# Population stats question

1. Apr 8, 2013

### Diffy

Sorry I need help in a hurry. This is for work and I haven't done this in a long time.

I have a population of ~ 5,338,000

And I know 0.74% respond to something.

I want to know if a population of only 5,000 will respond better or worse than my 5 million.

I am worried that it is too small a population to test because my response rate is so small. How can I prove or disprove this using statistics?

Thanks,

2. Apr 8, 2013

### Staff: Mentor

What do you mean with "will respond better or worse"? A higher rate?
Without any data about the smaller population, there is no way to tell how it will react. You can assume the same response rate and calculate the distribution of replies, of course, but that won't give an interesting deviation from "the response rate is probably the same" (=the assumption).

3. Apr 8, 2013

### Diffy

The basic issue is that we have a large population with a very low response rate. And we want to test a very small population to see if the rate will be higher, or will be worse.

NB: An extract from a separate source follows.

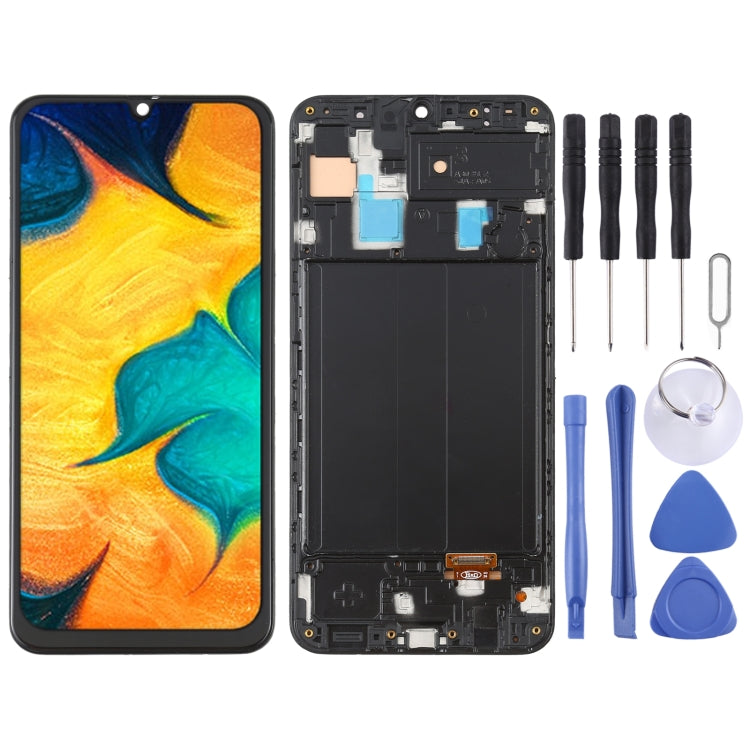 6.36 inch OLED LCD Screen for Samsung Galaxy A30 SM-A305 Digitizer Full Assembly with Frame (Black) - free shipping - PMc TechLife - Order now!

I don't think the results of the low population test will be significant be because we are comparing it to a very high population with a very low rate.

Hopefully that makes sense.

4. Apr 8, 2013

### jbriggs444

Guessing here that we're talking about the distribution of the number of successes or failures in a set of 5000 independent events.

We have a large population which establishes a nominal success rate of 0.74 percent. That's the control group.

The experimental population is 5000 events. The question is what increased success rate would be required to have, for instance, 95% certainty that the increased success rate would not come from random chance alone. [Or conversely, what increased failure rate would be required to have 95% certainty that the reduced success rate would not come from random chance alone].

That sounds like a pretty standard exercise in confidence intervals. And this is a binomial distribution. So you look at the cumulative binomial distribution and find the 95th percentile. 95 percent of the time random chance would not produce a result that far out of whack. If your result is that high, you can have some confidence that it is a genuine result rather than a random fluke. [Or find the 5th percentile if you are looking for the opposite effect]

There are binomial calculators on the web. For samples this large, the ones that I found approximate the binomial distribution with a normal distribution.

Last edited: Apr 8, 2013
5. Apr 8, 2013

### Diffy

Right I understand how to compare them.

What I don't understand is that say I want to set up a test. I know that in 100,000 tries I get 70 successes.

I wouldn't test just trying 10 times. I would need some type of significant population to test against. I can I find out how many I need.

In my original example I don't even want to compare, because I don't think 5,000 is significant. How can I want to know how confident I am that that population size is enough.

6. Apr 8, 2013

### Diffy

Really struggling with this. Is anyone around?

7. Apr 8, 2013

### jbriggs444

In your initial post you said 0.74 percent. Now it sounds like the true figure is a factor of ten lower -- 0.070 percent.

So in a population of 5000 you would expect around 3.7 successes.

Note that I'm not a practicing statistician and it's been a lot of years since I studied this stuff.

How big a sample you need depends on how small an effect you are trying to measure.

If you want to distinguish between 0.070 percent and 0.080 percent then you'll need a larger sample than if you want to distinguish between 0.070 percent and 50 percent.

A confidence interval calculator reports that in order to sample from a population of five million individuals and get a result that is accurate to 0.01 percent (able to distinguish between 0.070 percent and 0.080 percent) then you need a sample size in excess of four million.

If you relax that to 0.1 percent then you need 800,000
If you relax that to 1 percent then you need 9500
If you relax that to 10 percent then you need 96.

This fits with the naive principle that in order to increase accuracy by a factor of x you have to increase sample size by a factor of x2.

The confidence interval calculator I used is based on the notion of polling individuals from a finite population without replacement. Worst case you sample the whole population and get a perfectly accurate result. In the case at hand it might be more appropriate to think in terms of sampling from an infinite population. That increases the required sample sizes significantly.

0.01 percent needs a sample size of 96 million
0.1 percent needs a sample size of 960 thousand
1 percent needs a sample size of 9600
10 percent needs a sample size of 96.

This is all at the 95 percent confidence level. For 99 percent confidence you need bigger sample sizes.

Last edited: Apr 8, 2013
8. Apr 8, 2013

### Diffy

Thanks, that helped.

Do you happen to know the formulas behind the calculations?